Las recuerdo jovencitas. Mucho. Apenas unas adolescentes
que habían aparcado las Barbys hace
cuatro horas, sustituyendo sus vestiditos e imaginarios maquillajes por sus
equivalentes de tamaño natural, de existencia real. Se sentaron en el pequeño reservado
a mi derecha, donde los sofás son cómodos y la mesa amplia. Es un bar modesto y
tranquilo, uno de mis favoritos en Edimburgo, en el cual las mesas están tan
juntas que resulta difícil centrarte en tus cosas, aislarte de las
conversaciones ajenas (muchas de ellas en español, cada día más, gracias a nuestros
maravillosos políticos, los cuales, independientemente del color de guerra que
vistan, parecen empeñados en echar a toda la juventud de allí, como si sobrara,
como si les causara vergüenza o repugnancia),tan arrimadas están, las mesas, que si estiras
el brazo puedes robarle el bollo suizo a tu vecino, o tocar su hombro.

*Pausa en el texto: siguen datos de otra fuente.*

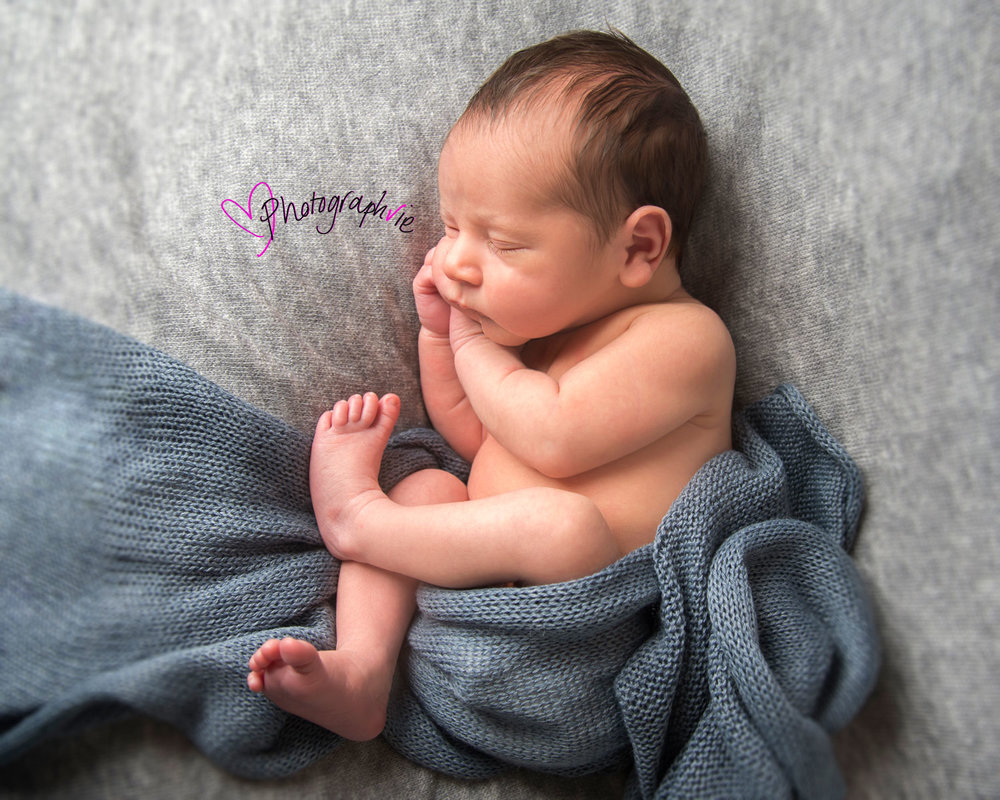 Newborn_Baby_photography_Ely_Cambridgeshire-baby-finley-wrapped-in-blue.jpg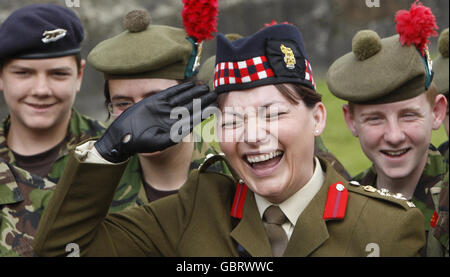 La presentatrice televisiva e l'onorario Black Watch colonnello Lorraine Kelly ride mentre ispeziona i doveri di ufficiale al saluto Royal Gun per celebrare il compleanno della Regina al Castello di Stirling in Scozia. Foto Stock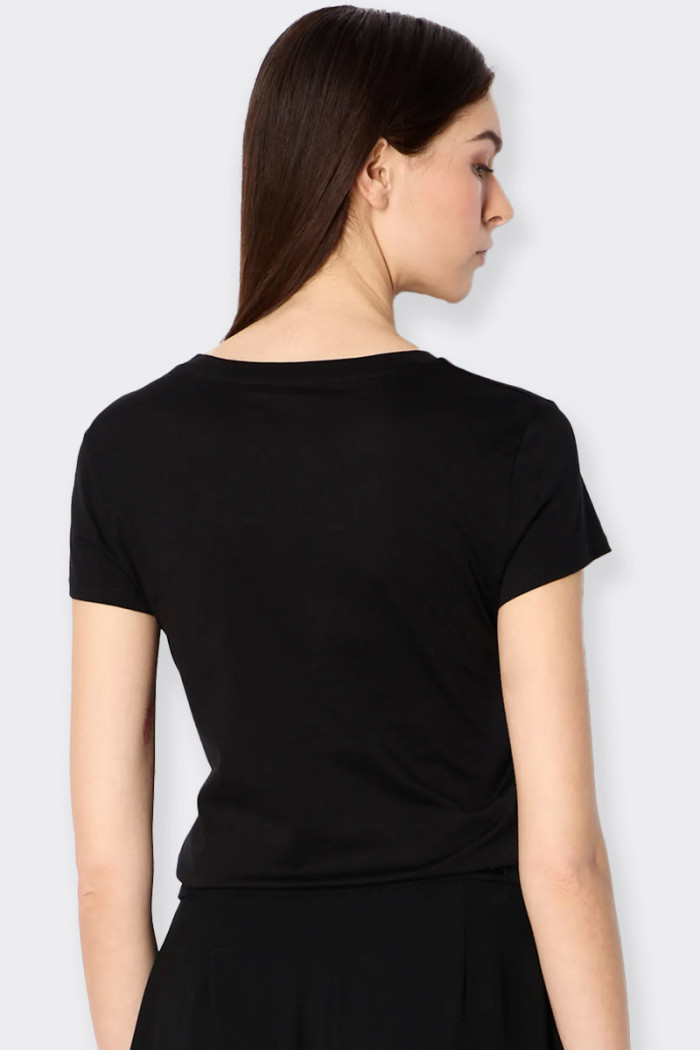 women’s black t-shirt in 100% cotton. Minimal and essential allows you to use it on any occasion. soft jersey fabric. regular fi
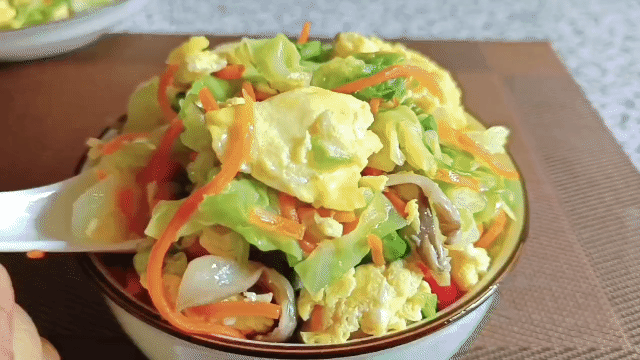 天冷给孩子吃什么好？记得用包菜和鸡蛋做道下饭菜，维生素U丰富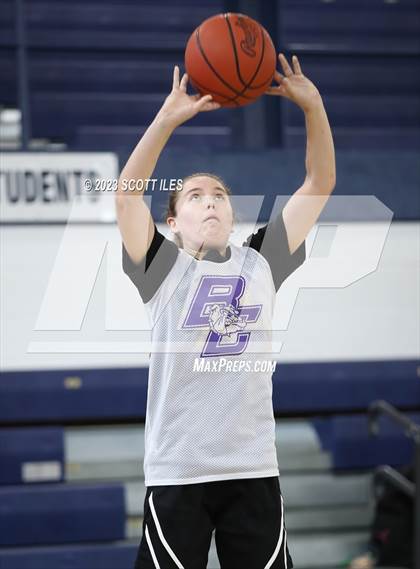 Thumbnail 2 in Bloom-Carroll vs Hilliard Darby (Scrimmage) photogallery.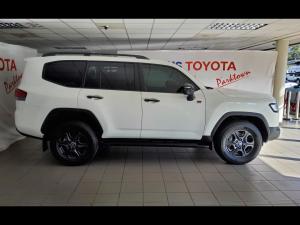 Toyota Land Cruiser 300 3.3D GR-Sport - Image 3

Hubo algo en una de ellas que en seguida llamó mi
atención. Me sacó del mundo paralelo donde me había zambullido ̶ entre las callejuelas del casco viejo de
esta bella ciudad, siguiendo al detective Rebus, una vez más, tratando de
averiguar si realmente se trataba de un héroe o al final sucumbía, cual sucio
villano, a los encantos y tentaciones de la otra ciudad oscura, dura y
peligrosa que se esconde en las sombras, lejos de las miradas ingenuas de
turistas y estudiantes de Erasmus ̶ ,
sin embargo no puedo concretar lo que fue, tal vez un gesto, una sonrisa
tímida, de esas que siempre quedan a medio camino, quizás sus altos pómulos, o sus ojos, grandes, inteligentes, con ese
brillo especial que denota juventud. Tal vez fueron sus maneras, educadas,
delicadas, como temiendo romper algo, tirar una taza, molestar a los demás, atraer
miradas ajenas. Algo me hizo fijarme en ella y en su compañera, forzando mis
ojos a abandonar por un momento las líneas que hablaban de miseria y muerte,
para contemplar dulzura y belleza.
Su pelo de color caoba apenas rozaba sus hombros, llevaba
unos pendientes colgantes con unos pequeños brillantes en el extremo, mal
conjuntados con un discreto collar, lo que me hizo pensar que tal vez fuesen un
regalo de alguien especial. Vestía unos pantalones de hilo fino, color beis,
con una blusa de seda que dejaba entrever un busto pequeño, un delicado fular
añil cubría su cuello. Poseía un cuerpo de huesos largos, de alta estatura, que
añadía un toque de torpeza a su imagen, que provocaba cierta ternura, como si
fuera una jirafilla recién nacida, aun tambaleante y temblorosa. Sus dedos,
finos y largos, jugueteaban nerviosos con el salero mientras hablaba con su
amiga, a la cual miraba como se mira a un ídolo, o a la persona que te ha
robado el corazón, el alma y el sueño. Charla de manera apresurada, como
queriendo decir todo en un breve espacio de tiempo, su voz algo grave, sensual
como un contrabajo, voz de locutora de radio nocturna.
La amiga, también muy
joven, vestida más acorde a su edad, vaqueros, camiseta, deportivas, la escucha
con paciencia, la sonríe, acaricia su mano. Cogiendo el menú se lo
ofrece, invitándola a que sea ella la que elija sus manjares matutinos, piden
tarta especial, chocolate caliente con marshmallows
flotando. Ríen como las chiquillas que son, ante tal atracón de amistad y azúcar.
Descuidadamente se despoja del fular, juguetea con él
entre sus manos, lo deja en el asiento, a su lado. Entonces es cuando me fijo
en su cuello despejado, delgado, con una nuez que destaca más de lo que su
portadora deseara. Al caer en la cuenta rápidamente bajo mi mirada, con
vergüenza pueblerina, y sigo leyendo las andanzas del famoso policía escocés.
Acabado mi café hace rato, coloco el señalador de página,
meto el libro en mi pequeña mochila y me dispongo a abandonar el bar. Antes me
agacho a recoger el delicado fular, que resbaló discretamente al suelo, y se lo
entrego. Me dedica una tímida sonrisa, temblorosa ante la amabilidad del
extraño, dice ‘cheers’ con su ronza
voz. Su voz sensual de contrabajo, de locutora de radio nocturna. Su voz de muchacho con alma de mujer.